*** Opening The input ***

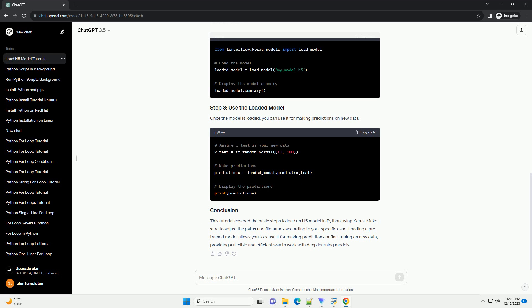Now, let's proceed to load the saved model using the following Python code. This code uses the load_model function from Keras to load the model from the specified HDF5 file. The summary method is then used to display a summary of the loaded model, including its architecture and parameters.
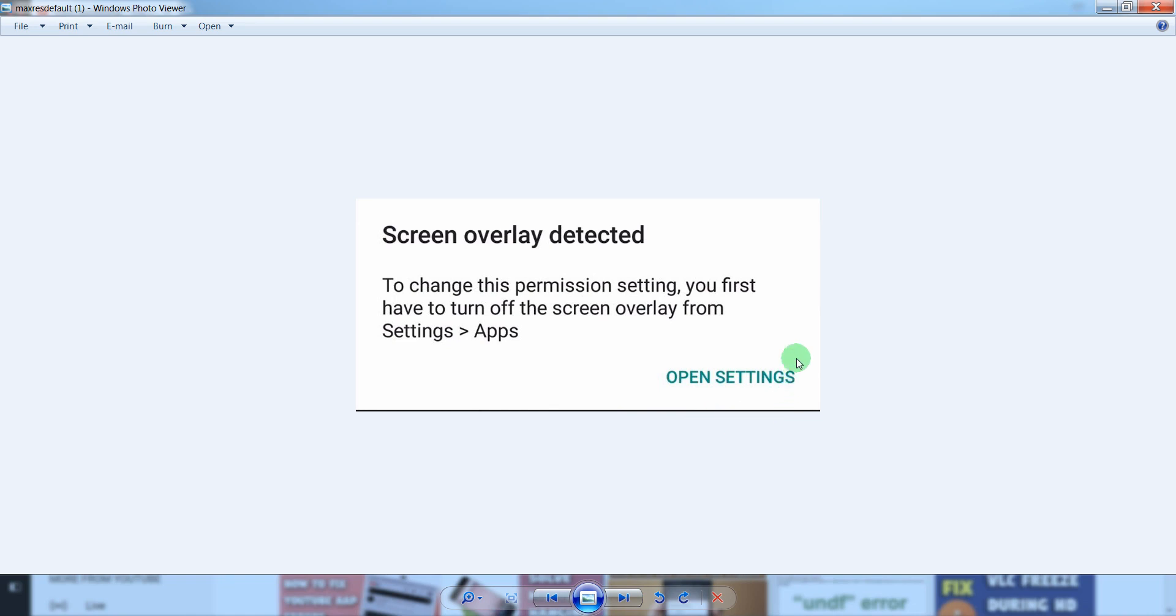This type of message appears on your phone: to change this permission setting, you first have to turn off the screen overlay from Settings app.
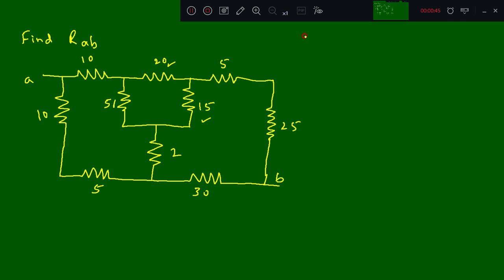So first step: what resistors are we going to get? If you want a star configuration here, you are going to get the resistor at this position. To find the value at this position, you need to multiply the two adjacent resistors and divide by the total resistance.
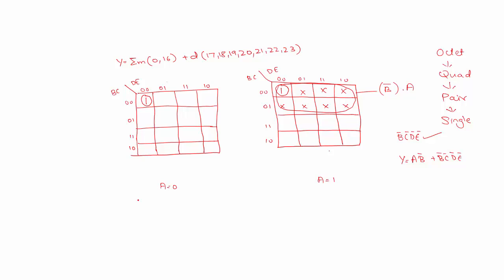Hence the output for this problem is Y is equal to B bar C bar D bar E bar and not this one. This is your output. Thank you.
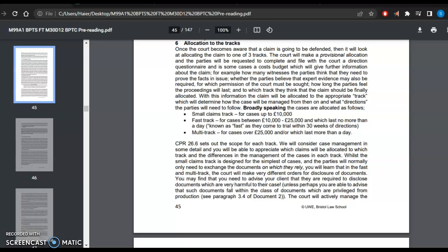Expert evidence requires permission of the court, and the parties must indicate how long the proceedings will last. All of this information the parties shall tell the court, including which track they think the claim should be finally allocated. The court shall take all the parties into confidence when it comes to the allocation of tracks. With this information, the claim will be allocated to appropriate track, which will determine how the case will be managed and what directions the parties will need to follow.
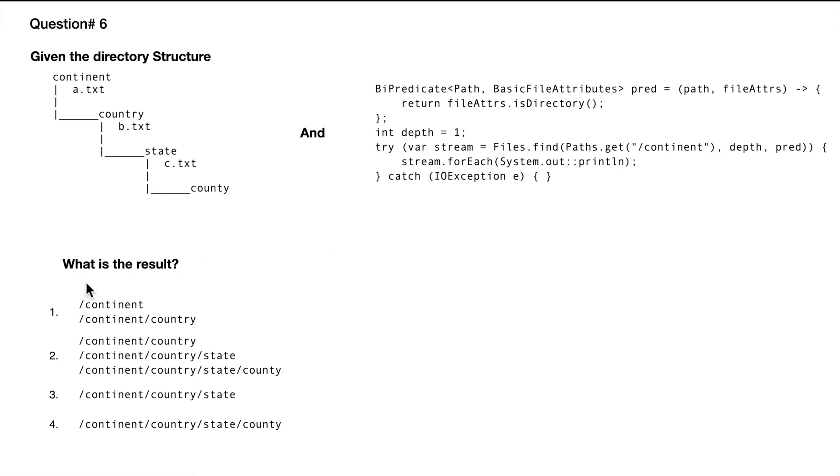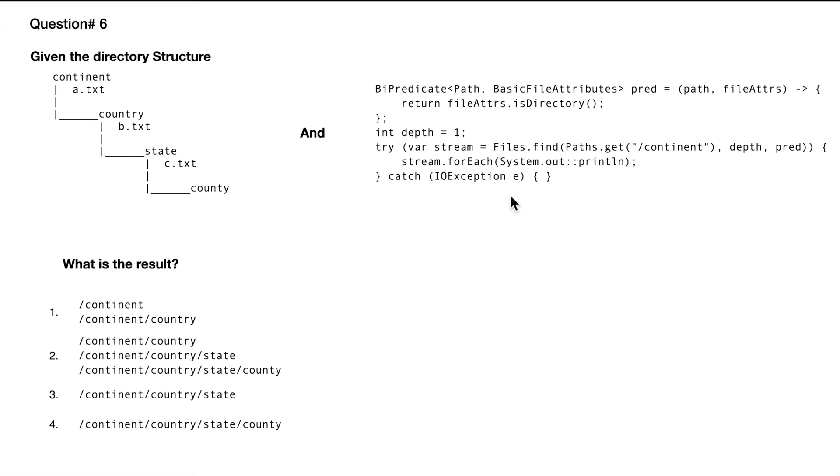The very first thing I realize is that it doesn't have a compilation error or runtime error, so I can be assured that this code will compile and work fine. Now we need to figure out what exactly the output will be.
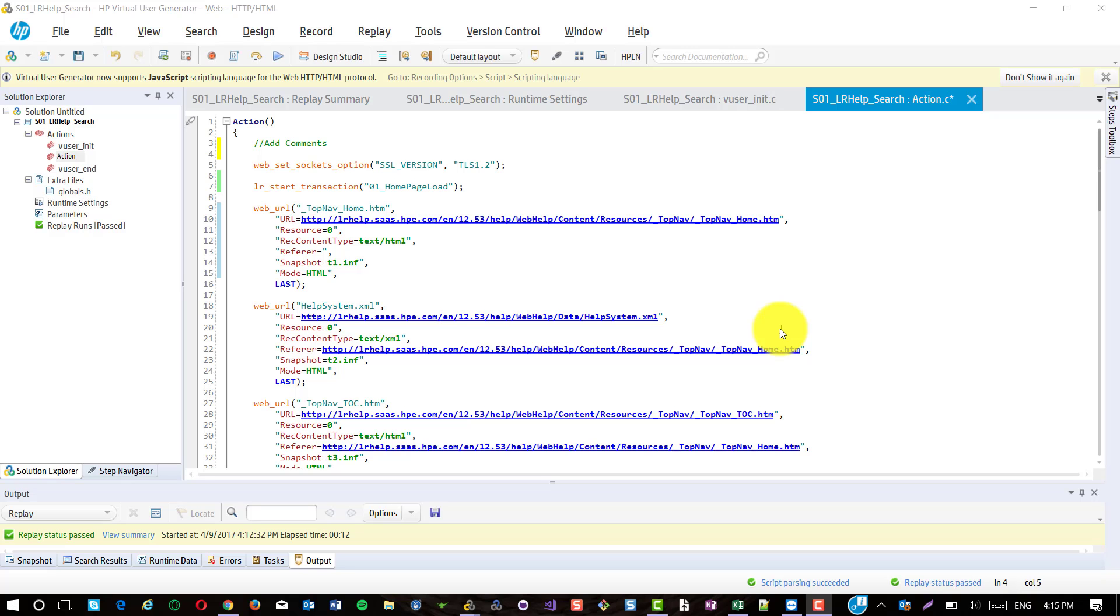In this episode, I'm going to share my little secrets about how to replay your script successfully in LoadRunner, and also how to housekeep your script after recording is done.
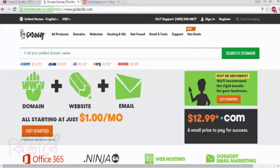Hello friends, thank you for watching. For many reasons you may want to change your domain provider. In this tutorial I'll show you how to transfer your GoDaddy domain to Namecheap. So without further ado, let's get into it.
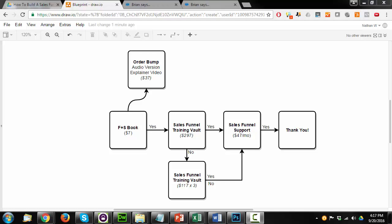Hey, it's Nathan with Crazy Eye Marketing, and in this video we're going to build this sales funnel that you see right here inside of SamCart.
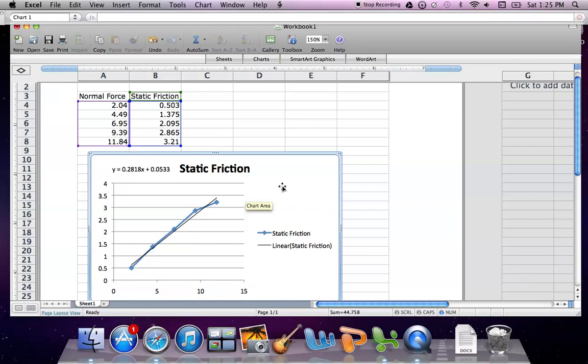Hopefully this video was helpful for you to go ahead and find the slope of data using Excel.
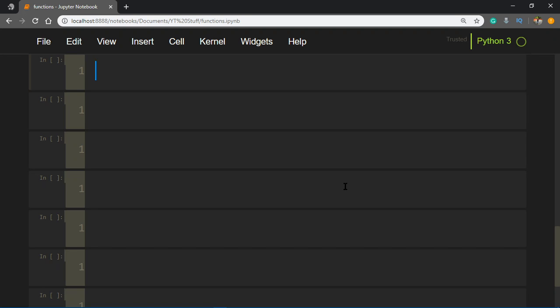What's up everybody, welcome to another video in the Python basics series. In this video we'll be talking about functions. A function is a block of code which only runs when you call it. Why are they used?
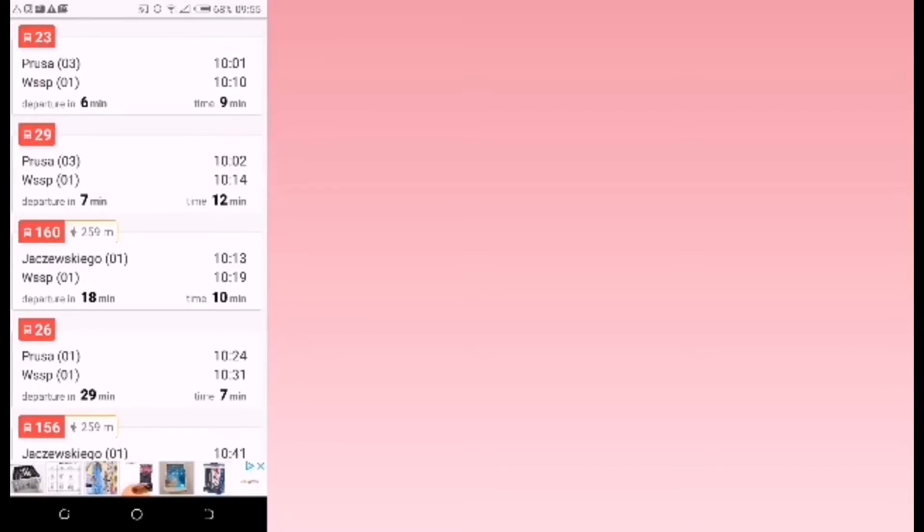Now we searched for Prusa to WSSB, but here it's showing Nieciechlowskiego as well because it is nearer to Prusa. So in the event that you do not find a bus leaving Prusa going to WSSB, you can walk to Nieciechlowskiego and find a bus there.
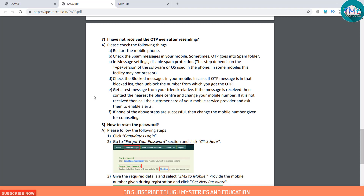If you have any further issues, check the helpline center. You can also change the mobile number registered for counselling if needed.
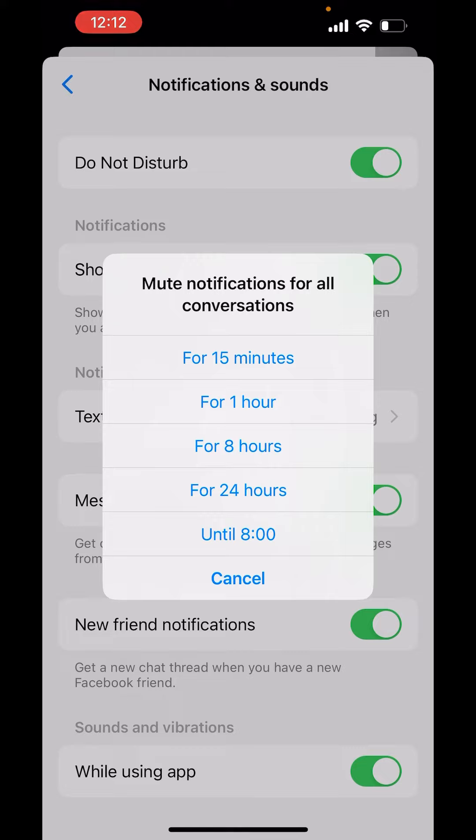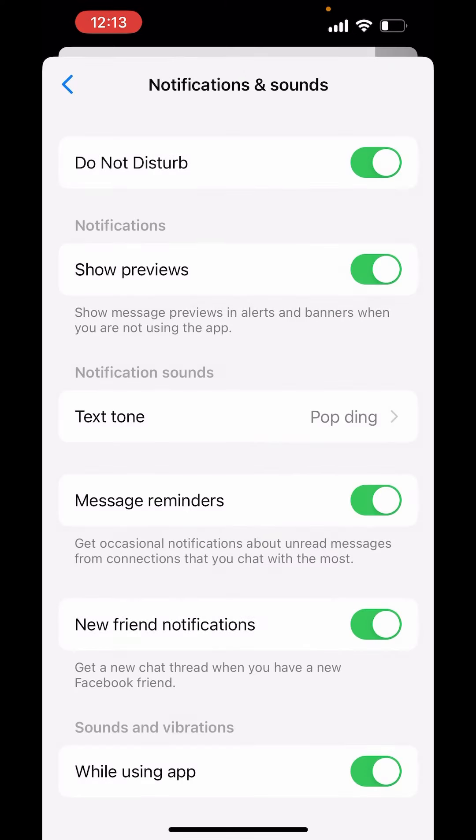Like for 15 minutes, for 1 hour, for 8 hours, for 24 hours, or until 8 a.m. You can choose from here. Like I will choose for 24 hours.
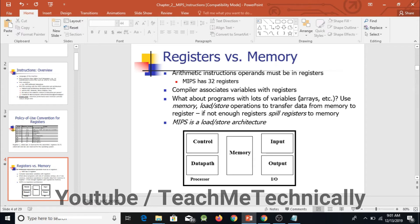For example, if we have a program and we've declared an array of size 1000, we cannot save the entire array in registers because we have a limited number of them. So what actually happens is we save all the values of the array in memory, and load only the value we are currently working on into a register. In this way we perform operations.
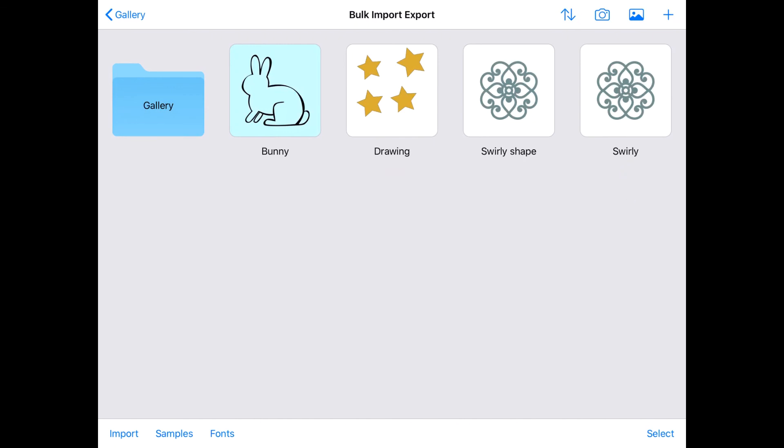You can manage your Inkpad backups in the Files app, so you don't get overrun with them. Hope you enjoy this brilliant new feature. Now go and back up your artwork.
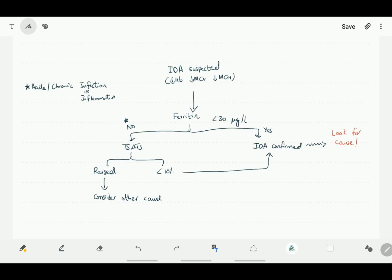To summarize, when the anemia is microcytic and hypochromic, iron deficiency anemia is suspected. To confirm the diagnosis, we check ferritin levels. If they are low, that is, if they are less than 30, then this confirms the diagnosis. If they are raised, which can be because of acute or chronic infection or inflammation, the next step is to check the transferrin saturation levels, which is a ratio of serum iron and total iron binding capacity. If this is low, less than 10%, then iron deficiency anemia is confirmed.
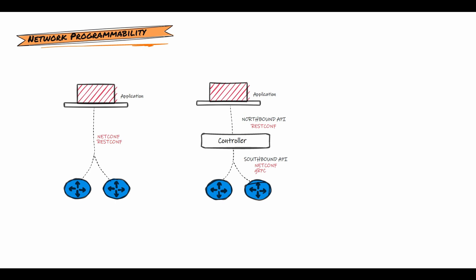Examples such as Cisco DNA Center, APIC, Contrail, and we have NSP with Nokia. Through this evolution, we can see the importance of learning programmability to develop applications that communicate directly to devices or understand the communication on the northbound and southbound APIs of controllers. By now, if you are still not familiar, what exactly an API is and what are the benefits of using one.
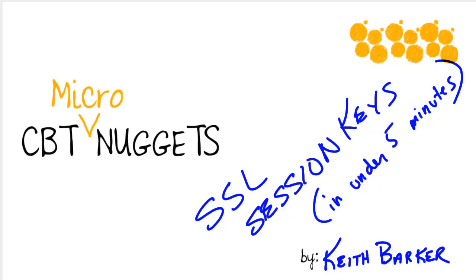SSL session keys in under five minutes. As I just wrote that, I realized that's pretty funny because if it took five minutes to establish session keys for SSL, we would never wait that long for a website to come up.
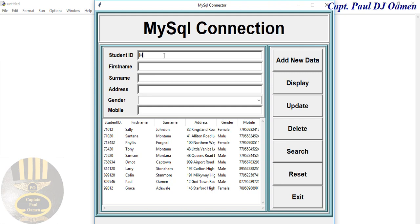Let's enter the ID number there and the name. Let's say the name is William and surname is, let's say, Kingsley.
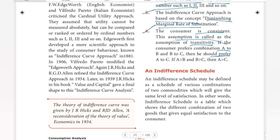If I choose any combination, I get the same satisfaction. If A is greater than C, then whichever combination I choose, I choose the best. Those are the assumptions.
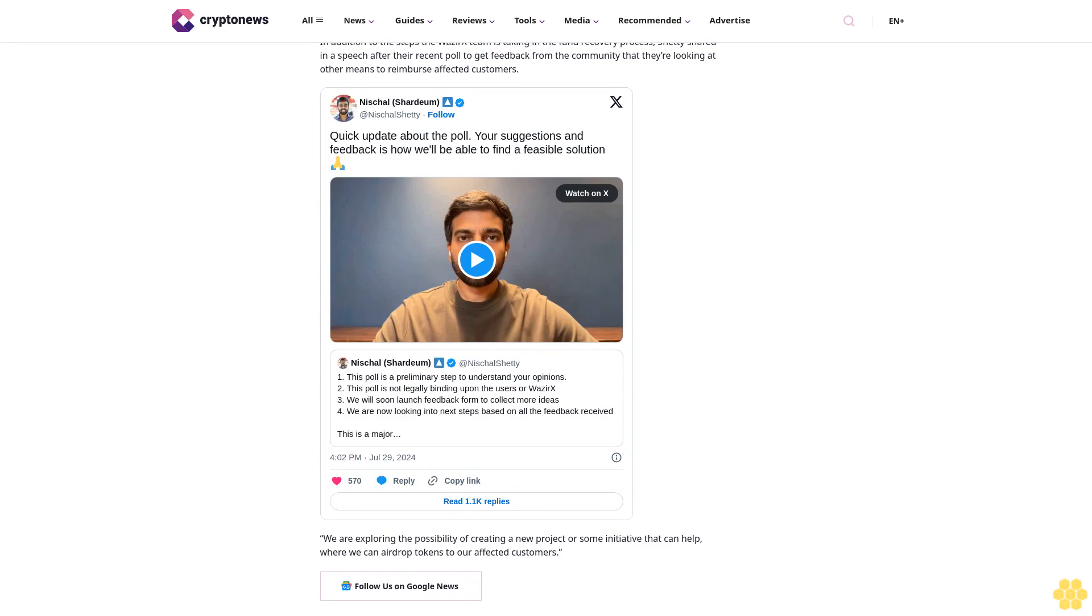WazirX's preliminary findings indicate that the cyber attack involved replacing the payload during the transaction process, which misled the signatories about the transaction's true contents. This discrepancy allowed the attackers to gain control over the wallet. According to the exchange, its team is working to recover the stolen funds and has already blocked a few deposits linked to the theft.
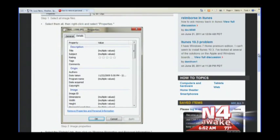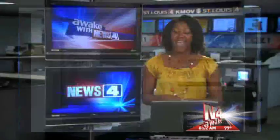Then click OK, and that's it — it's that easy. If you didn't get a chance to write it down, I have all the steps posted for you on KMOV.com.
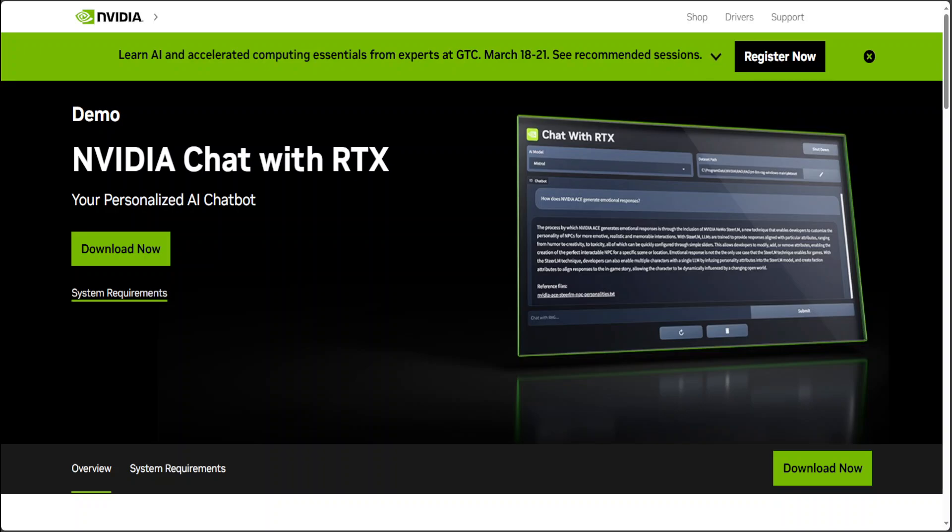You can do RAG with it. You can use Mistral or Llama 2 LLMs for text generation, accelerated by TensorRT LLM for faster response time. And it runs entirely on your GPU, whether it is RTX 30 or 40, but you would need more than 8GB of VRAM. I'll come to the system requirements in a bit, which is a bit of a downer.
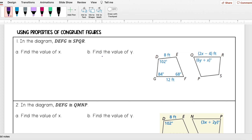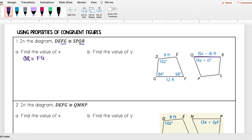We're going to use that information to find the values of X and Y. I notice that the expression with Y also contains X, so I need to figure out X first. X is involved with side QR, so I need to find what QR is congruent to. In my congruency statement QR are the last two letters, so it's congruent to FG — the side that's also the last two letters. QR equals 2x minus 4, and FG equals 12, so I have 2x minus 4 = 12.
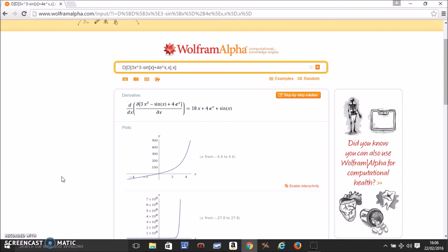I hope this helped. You can use this website to check your answers.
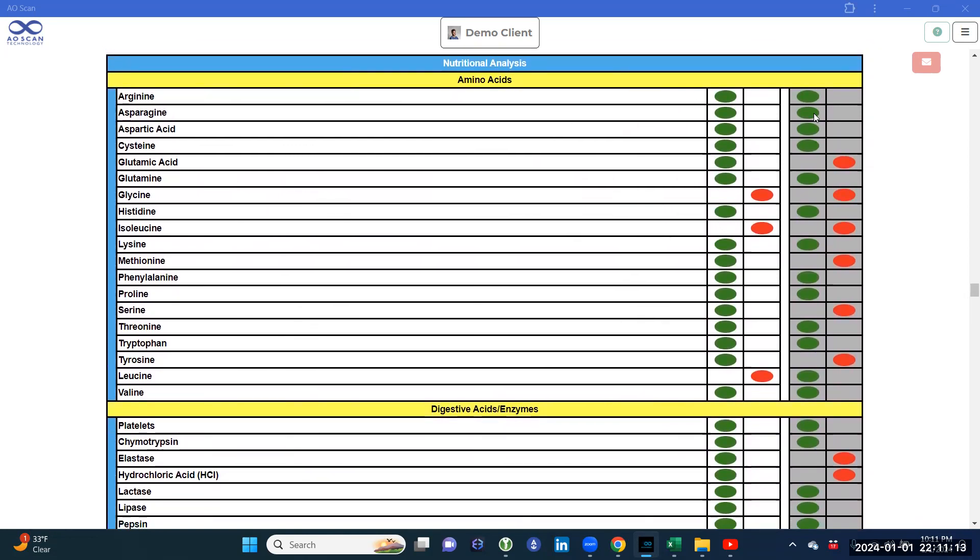The gray column is the previous scan. The current white column is the current scan.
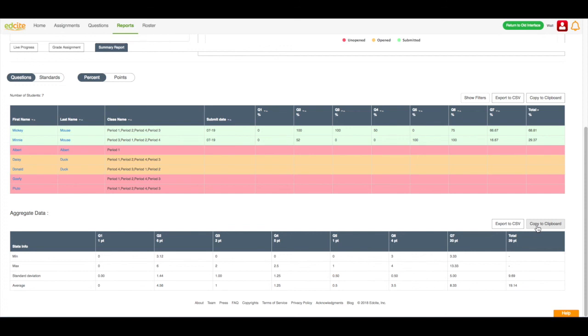If you need help with this or anything else on EdSight, please feel free to click the Help button located at the bottom of your screen.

*** Closing The input ***

Write out exactly the lines that run from the top of the listing above to the line containing "Hopefully this video", both ends included. Omit every picture.

*Result below:*
Now, let's proceed to load the saved model using the following Python code. This code uses the load_model function from Keras to load the model from the specified HDF5 file. The summary method is then used to display a summary of the loaded model, including its architecture and parameters.
This type of message appears on your phone: to change this permission setting, you first have to turn off the screen overlay from Settings app.
So first step: what resistors are we going to get? If you want a star configuration here, you are going to get the resistor at this position. To find the value at this position, you need to multiply the two adjacent resistors and divide by the total resistance.
Hence the output for this problem is Y is equal to B bar C bar D bar E bar and not this one. This is your output. Thank you.
Expert evidence requires permission of the court, and the parties must indicate how long the proceedings will last. All of this information the parties shall tell the court, including which track they think the claim should be finally allocated. The court shall take all the parties into confidence when it comes to the allocation of tracks. With this information, the claim will be allocated to appropriate track, which will determine how the case will be managed and what directions the parties will need to follow.
The very first thing I realize is that it doesn't have a compilation error or runtime error, so I can be assured that this code will compile and work fine. Now we need to figure out what exactly the output will be.
In this episode, I'm going to share my little secrets about how to replay your script successfully in LoadRunner, and also how to housekeep your script after recording is done.
Hello friends, thank you for watching. For many reasons you may want to change your domain provider. In this tutorial I'll show you how to transfer your GoDaddy domain to Namecheap. So without further ado, let's get into it.
Hey, it's Nathan with Crazy Eye Marketing, and in this video we're going to build this sales funnel that you see right here inside of SamCart.
Hopefully this video was helpful for you to go ahead and find the slope of data using Excel.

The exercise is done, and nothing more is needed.